On March 12, 2009 a Sikorsky S-92 helicopter carrying workers to the Hibernia oil rig crashed with the loss of 14 passengers and 2 crew. Only one passenger survived after being plucked from the North Atlantic by rescuers. The cause of the crash was attributed to a seized transmission which had seized upon losing all its lubricant. The transmission performs much like a car transmission and when it seizes the helicopters rotor will no longer turn depriving it of its lift.
The pilot of the helicopter attempted to reach land after becoming aware of the loss of lubricant, but never made it and crashed into the North Atlantic. The pilot was under the misapprehension that he had 30 minutes from the time he lost lubricant until the transmission would seize, he did not. The transmission seizure took the pilot by surprise so could not bring the craft down gently as he would otherwise have done. The pilot could be excused his misapprehension, after all it was the same one the FAA held and was advertised by Sikorsky: the S-92 has 30 minutes of flying time between loss of transmission lubricant and transmission seizure. This is a criteria for helicopter safety established by the FAA and when the S-92 failed this particular test, Sikorsky made design changes to address the failure. The problem was that there was no re-test after the design change.

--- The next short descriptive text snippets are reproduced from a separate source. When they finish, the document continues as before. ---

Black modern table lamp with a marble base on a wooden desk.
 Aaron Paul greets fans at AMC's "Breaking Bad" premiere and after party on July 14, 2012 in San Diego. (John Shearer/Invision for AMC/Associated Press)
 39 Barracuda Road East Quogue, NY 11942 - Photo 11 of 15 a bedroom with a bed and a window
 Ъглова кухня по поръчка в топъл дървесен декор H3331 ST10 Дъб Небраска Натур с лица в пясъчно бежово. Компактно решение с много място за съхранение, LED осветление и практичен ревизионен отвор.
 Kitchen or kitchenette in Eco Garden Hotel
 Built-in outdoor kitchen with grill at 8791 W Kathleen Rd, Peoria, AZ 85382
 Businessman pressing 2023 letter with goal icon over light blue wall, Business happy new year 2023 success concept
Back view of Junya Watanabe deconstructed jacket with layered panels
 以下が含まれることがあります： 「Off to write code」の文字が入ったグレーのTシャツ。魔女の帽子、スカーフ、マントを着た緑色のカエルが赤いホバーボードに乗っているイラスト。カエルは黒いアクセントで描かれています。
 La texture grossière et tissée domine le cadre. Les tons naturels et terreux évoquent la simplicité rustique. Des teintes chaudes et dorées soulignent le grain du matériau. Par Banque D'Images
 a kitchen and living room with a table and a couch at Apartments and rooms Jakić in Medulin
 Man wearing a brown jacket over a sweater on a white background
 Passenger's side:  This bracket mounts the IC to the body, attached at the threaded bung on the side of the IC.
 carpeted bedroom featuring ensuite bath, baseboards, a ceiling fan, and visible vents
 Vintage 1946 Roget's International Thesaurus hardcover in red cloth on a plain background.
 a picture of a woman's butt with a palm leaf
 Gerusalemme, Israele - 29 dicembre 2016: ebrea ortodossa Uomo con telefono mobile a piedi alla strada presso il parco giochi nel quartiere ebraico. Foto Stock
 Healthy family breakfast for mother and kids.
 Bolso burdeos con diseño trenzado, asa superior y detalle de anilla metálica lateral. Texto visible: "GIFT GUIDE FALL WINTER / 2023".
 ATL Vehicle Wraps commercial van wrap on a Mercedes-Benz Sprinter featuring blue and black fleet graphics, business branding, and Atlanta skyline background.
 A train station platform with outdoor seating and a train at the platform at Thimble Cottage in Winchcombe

This failure on the part of Sikorsky begs the question: "How do we weigh injury or the loss of human life against the loss of money?" I'm assuming that no one at Sikorsky decided that the loss of 16 souls was less important than the cost of ensuring the transmission met the 30 minute criteria. Sikorsky did eventually pay the families of the 16 to settle a law suit, the amount they paid is privileged according to the terms of the settlement. At some point project managers of projects where safety is on the line must make a decision: how to prioritize a risk event that could cause injury or death against one that would cause a financial loss. It seems to me that this is where we can be helped by Enterprise Risk Management. The corporate policy on safety should give the project manager guidelines around managing safety risks and the project budget should cover the appropriate mitigation strategies. Otherwise, we will continue to see disasters like the Sikorsky S-92 crash.